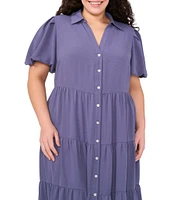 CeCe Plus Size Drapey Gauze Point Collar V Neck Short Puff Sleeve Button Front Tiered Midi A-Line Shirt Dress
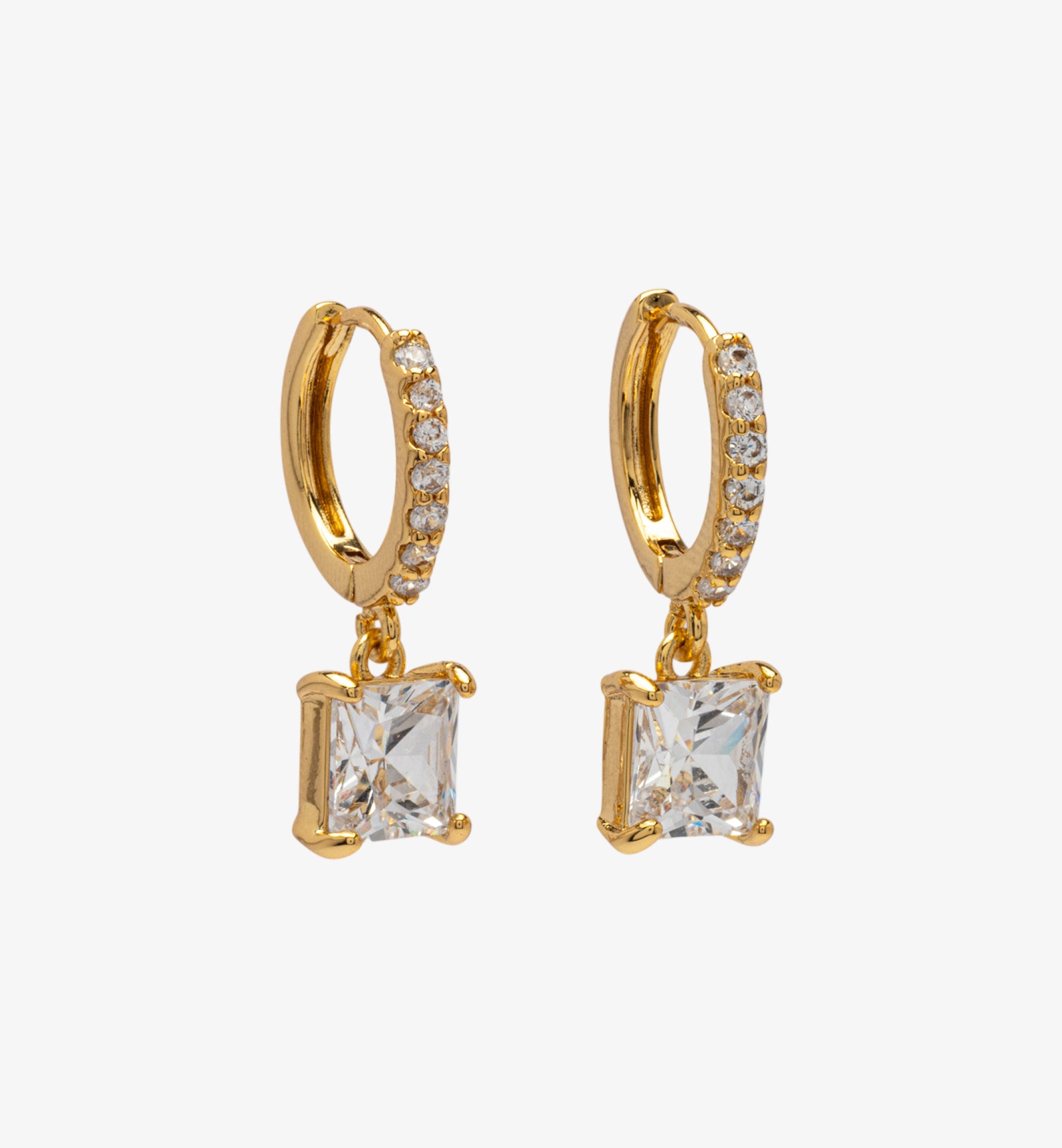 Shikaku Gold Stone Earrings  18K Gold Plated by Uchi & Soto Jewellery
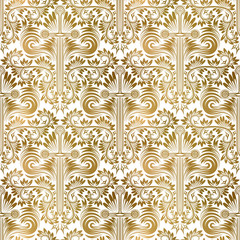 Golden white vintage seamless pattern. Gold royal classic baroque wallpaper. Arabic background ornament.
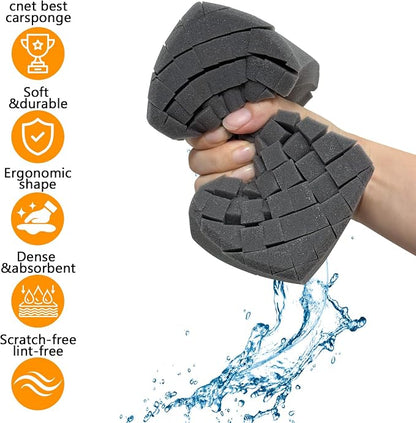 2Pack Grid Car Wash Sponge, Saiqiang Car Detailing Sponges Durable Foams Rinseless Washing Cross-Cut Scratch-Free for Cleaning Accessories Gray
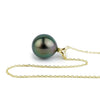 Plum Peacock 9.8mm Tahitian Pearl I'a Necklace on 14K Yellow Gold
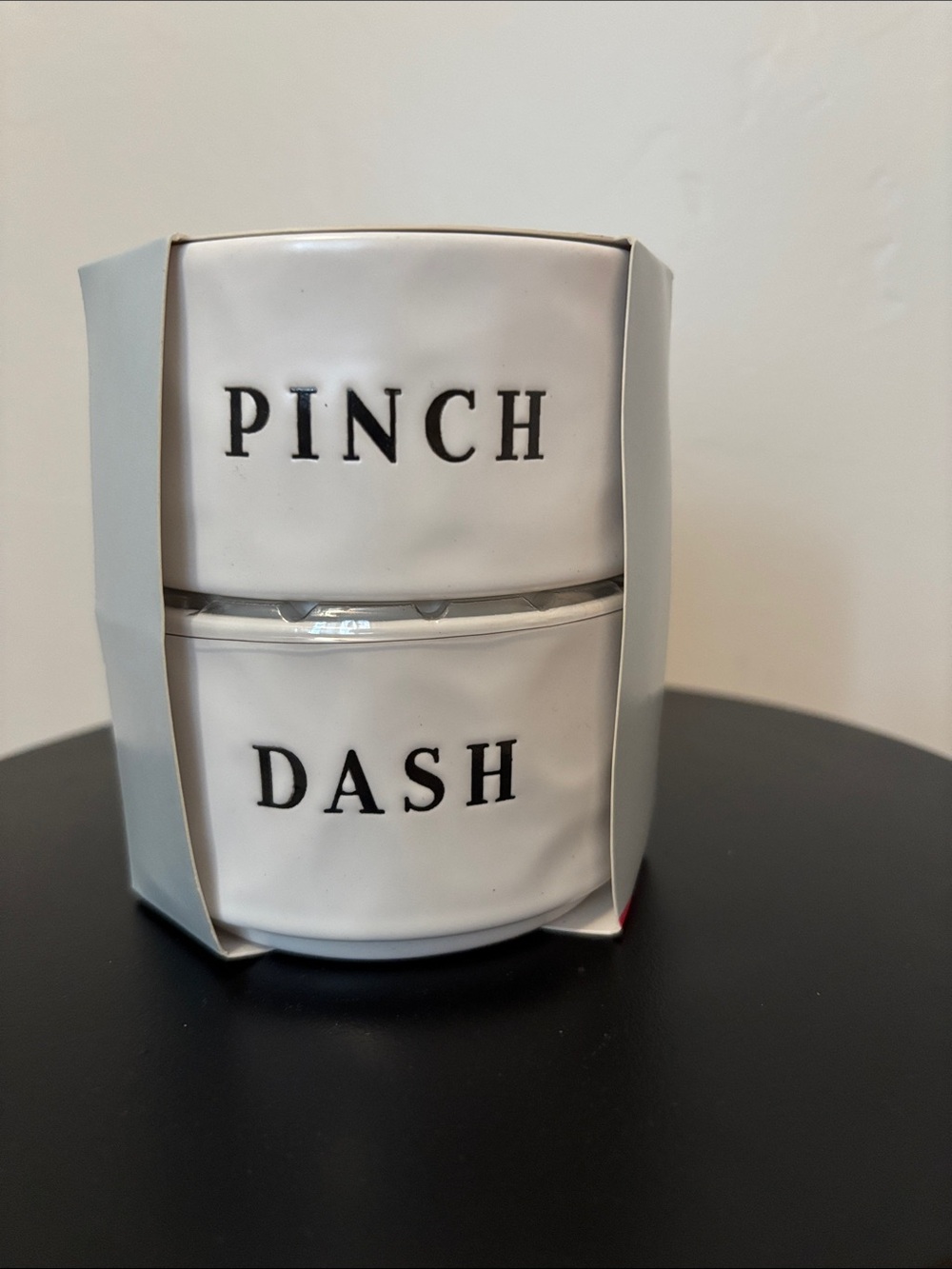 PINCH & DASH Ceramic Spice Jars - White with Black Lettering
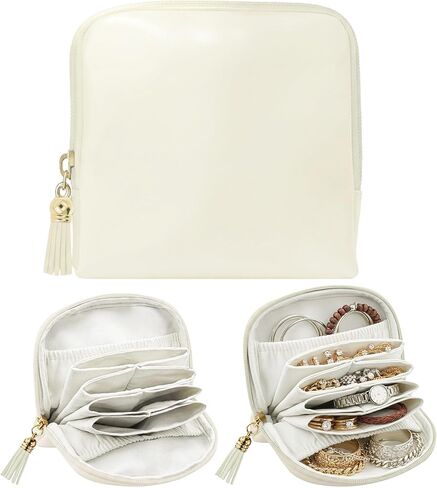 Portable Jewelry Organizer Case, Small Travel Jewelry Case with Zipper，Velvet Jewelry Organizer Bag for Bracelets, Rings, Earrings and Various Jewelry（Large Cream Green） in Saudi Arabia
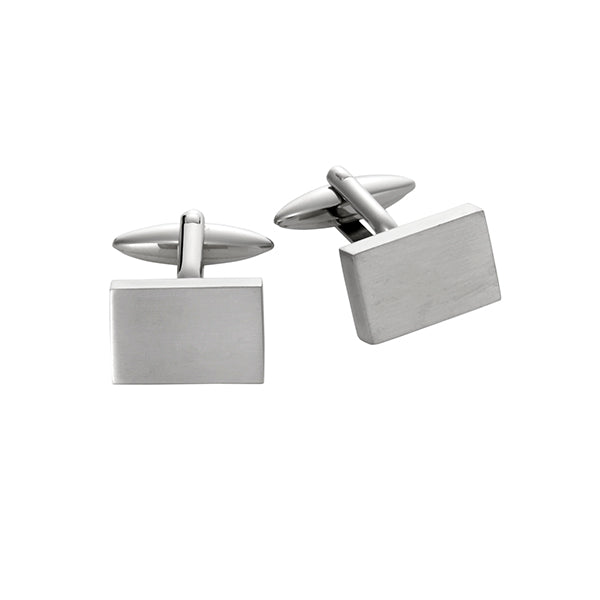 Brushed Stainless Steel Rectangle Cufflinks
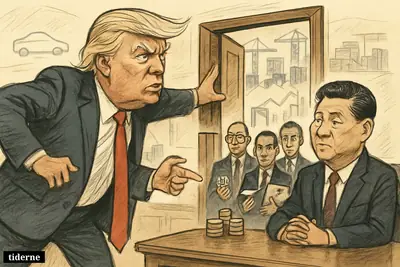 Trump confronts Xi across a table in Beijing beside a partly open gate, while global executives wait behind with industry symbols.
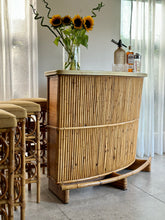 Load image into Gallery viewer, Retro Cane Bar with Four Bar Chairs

--

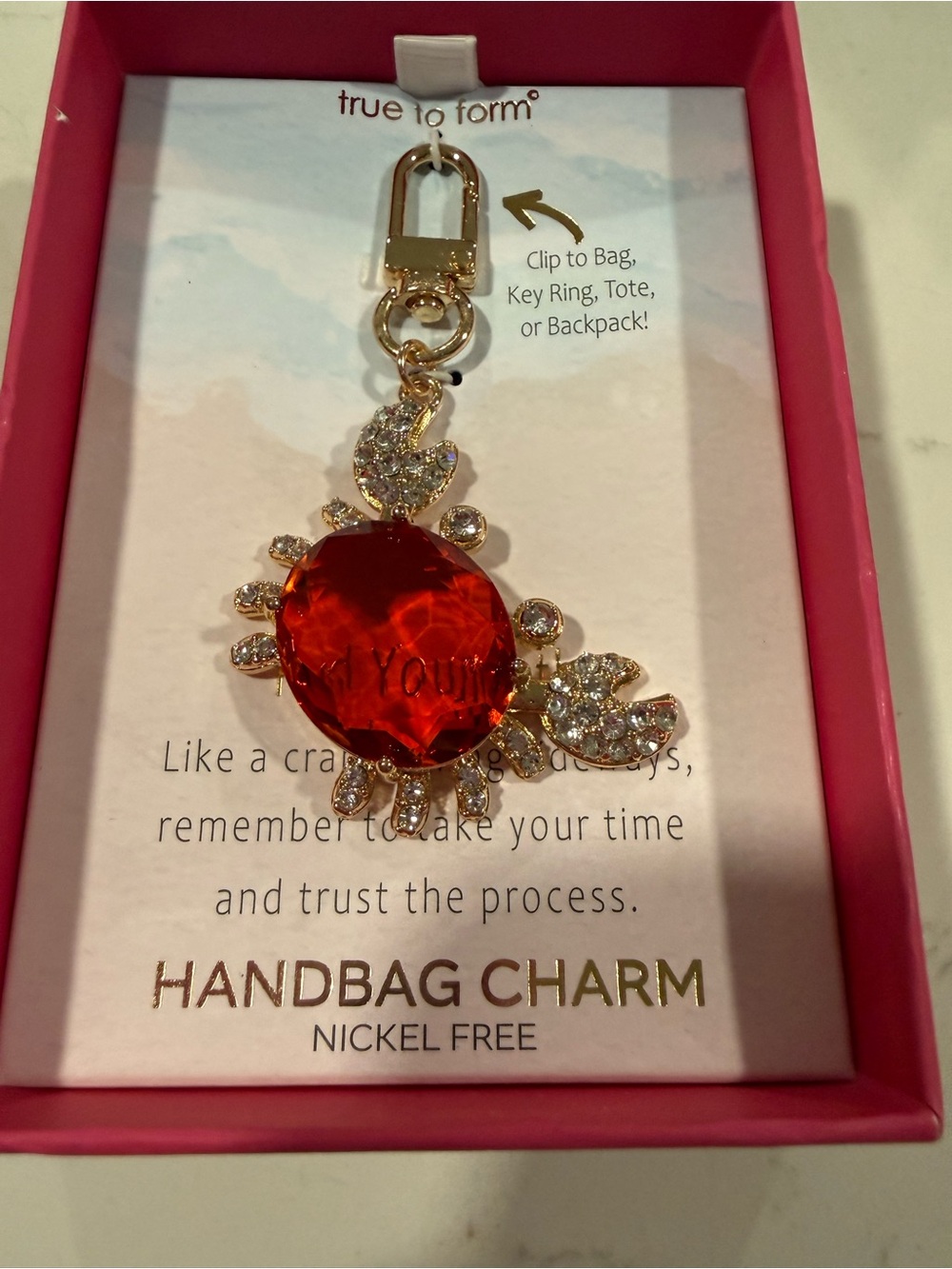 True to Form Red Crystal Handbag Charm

* * *

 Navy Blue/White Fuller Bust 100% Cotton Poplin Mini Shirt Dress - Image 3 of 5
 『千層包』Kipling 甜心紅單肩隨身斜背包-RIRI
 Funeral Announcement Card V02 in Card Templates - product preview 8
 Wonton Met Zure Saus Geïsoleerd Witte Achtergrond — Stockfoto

Activity:
Return only the stretch above from the line containing "Shikaku Gold Stone" through the line containing "Brushed Stainless Steel Rectangle Cufflinks", word for word and without pictures.

Exercise output:
 Shikaku Gold Stone Earrings  18K Gold Plated by Uchi & Soto Jewellery
 Golden white vintage seamless pattern. Gold royal classic baroque wallpaper. Arabic background ornament.
 2Pack Grid Car Wash Sponge, Saiqiang Car Detailing Sponges Durable Foams Rinseless Washing Cross-Cut Scratch-Free for Cleaning Accessories Gray
 Plum Peacock 9.8mm Tahitian Pearl I'a Necklace on 14K Yellow Gold
 PINCH & DASH Ceramic Spice Jars - White with Black Lettering
 Portable Jewelry Organizer Case, Small Travel Jewelry Case with Zipper，Velvet Jewelry Organizer Bag for Bracelets, Rings, Earrings and Various Jewelry（Large Cream Green） in Saudi Arabia
 Brushed Stainless Steel Rectangle Cufflinks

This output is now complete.